The upper deck is almost 0.75 Nd. ells (0.525 m) below the top edge of the palisade, which at that height has not been doubled with ironwood. On the deck were two small houses set up, in one of those houses a cell block was found, which could hold 5 or 6 prisoners. The spies assured the Dutch that Juragan Kuat had intended this block for the officers he would take prisoner. A magazine of foodstuffs, blocks and shackles to store prisoners of war, a roof to sleep in and many other conveniences were present.

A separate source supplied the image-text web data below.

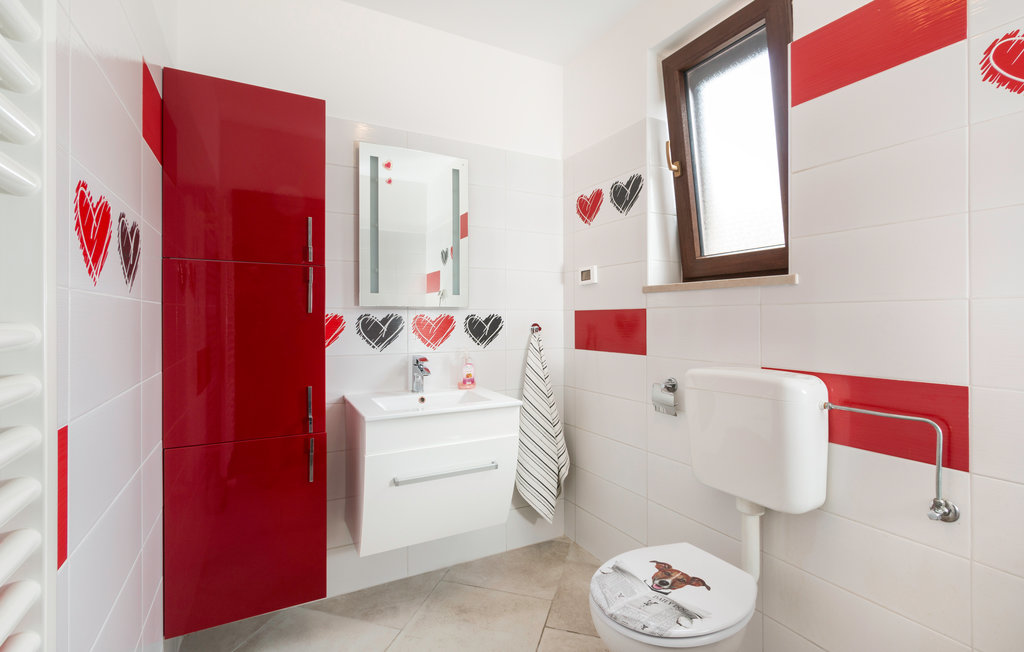 Ferienhaus - Pula , Kroatien - CIR389 19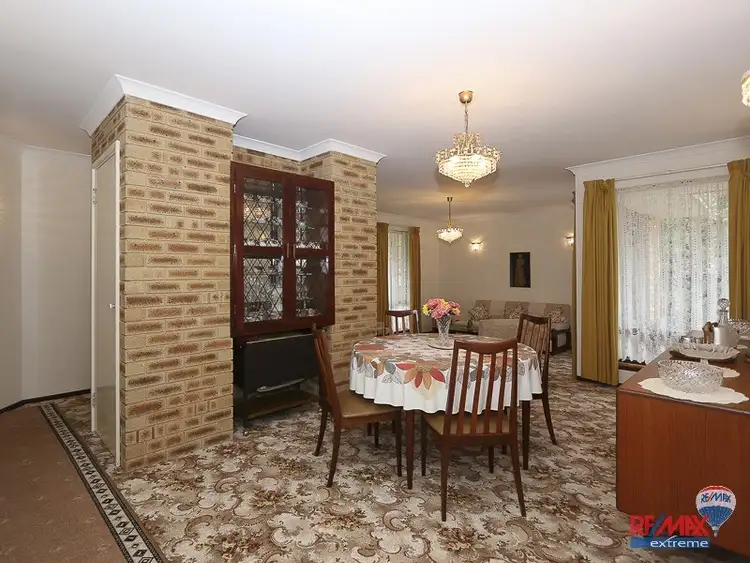 Sixth view of Homely house listing, 50 Ariti Avenue, Wanneroo WA 6065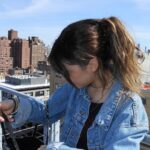 Genevieve Hannelius Instagram - Tourist energy 💋🏙📸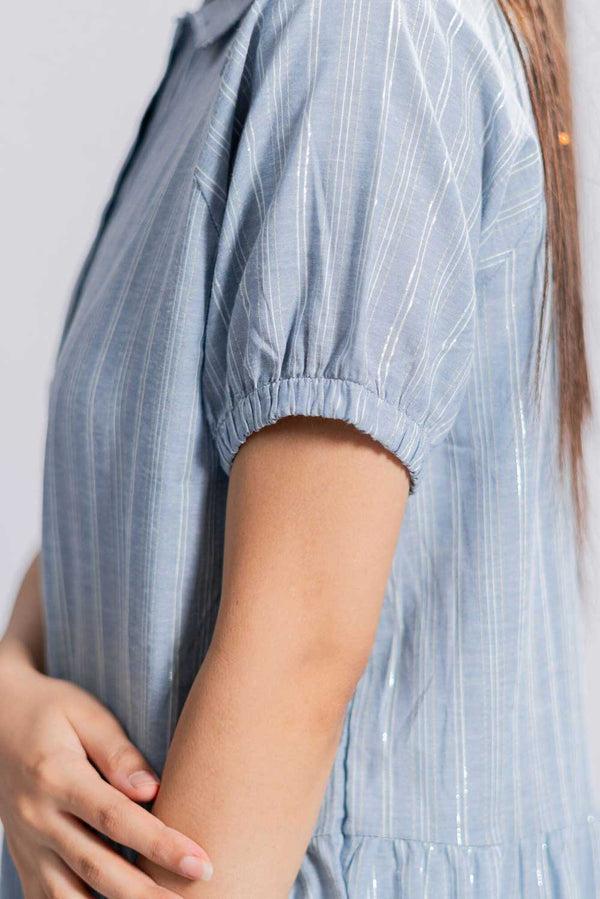 Elo East West Women's Maxi Dress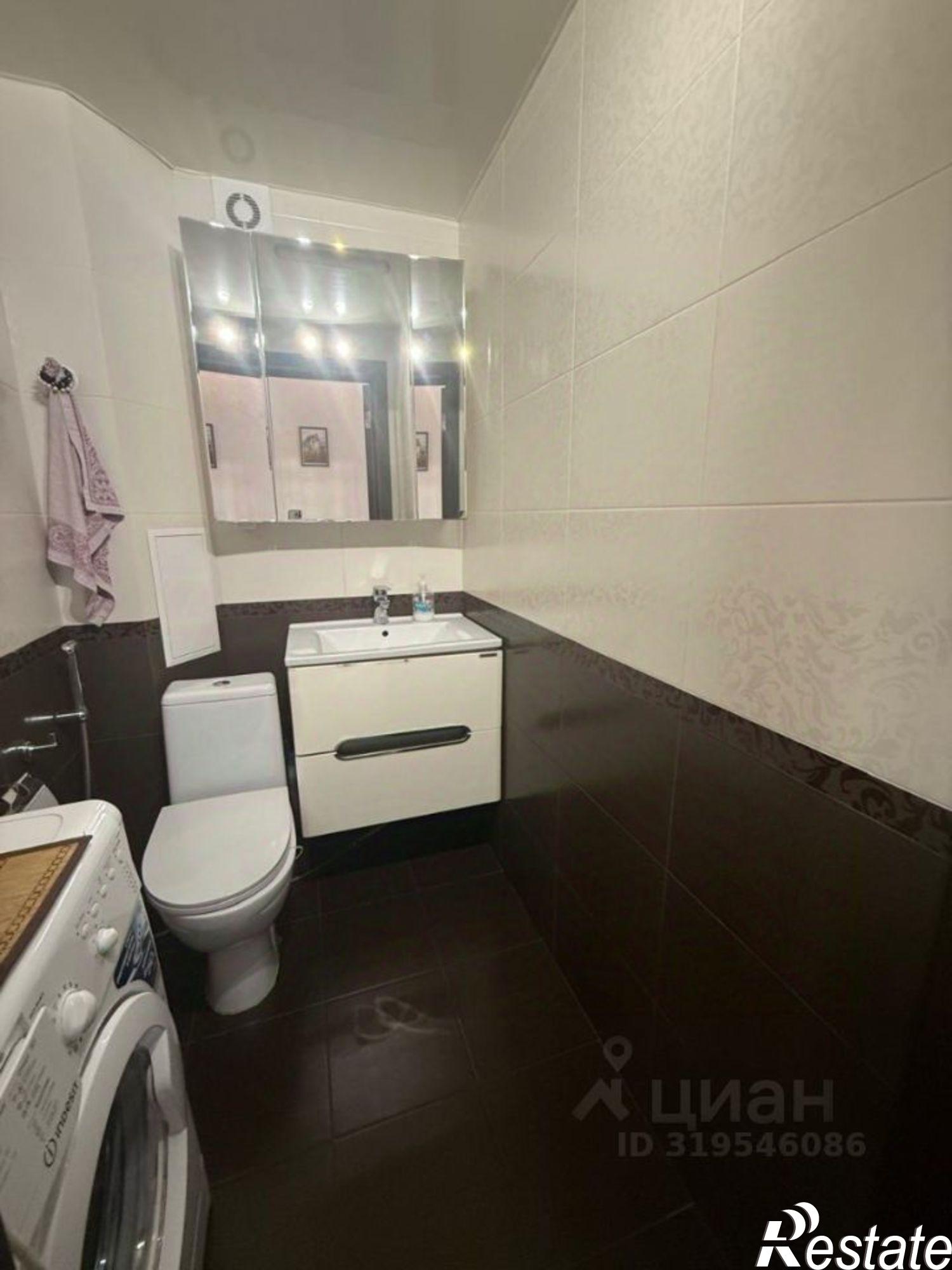 Купить квартиру за 11 490 000 рублей на ул Передовая, 14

When that kotta mara was taken, it was still not fully completed, so probably many more ornaments were missing. However, the 4 main posts of the building had already been carved in the shape of a man with an exceptionally large nose, mouth with sharp teeth, and the lower part of the body ending in the tail of a caiman.

There was enough room inside the building for about 50 people, however the operation of the artillery must have been difficult, since the braces and struts crossed each other frequently, but everything bore the signs of solid construction.

Here are dimensions of the raft encountered on 27 July 1859 from De Bandjermasinsche Krijg:

Length of the raft: 40 Nd. ells (28 m)

Width: 12 Nd. ells (8.4 m)

Long side of the palisade: 25 Nd. ells (17.5 m)

Short side of the palisade: 5 Nd. ells (3.5 m)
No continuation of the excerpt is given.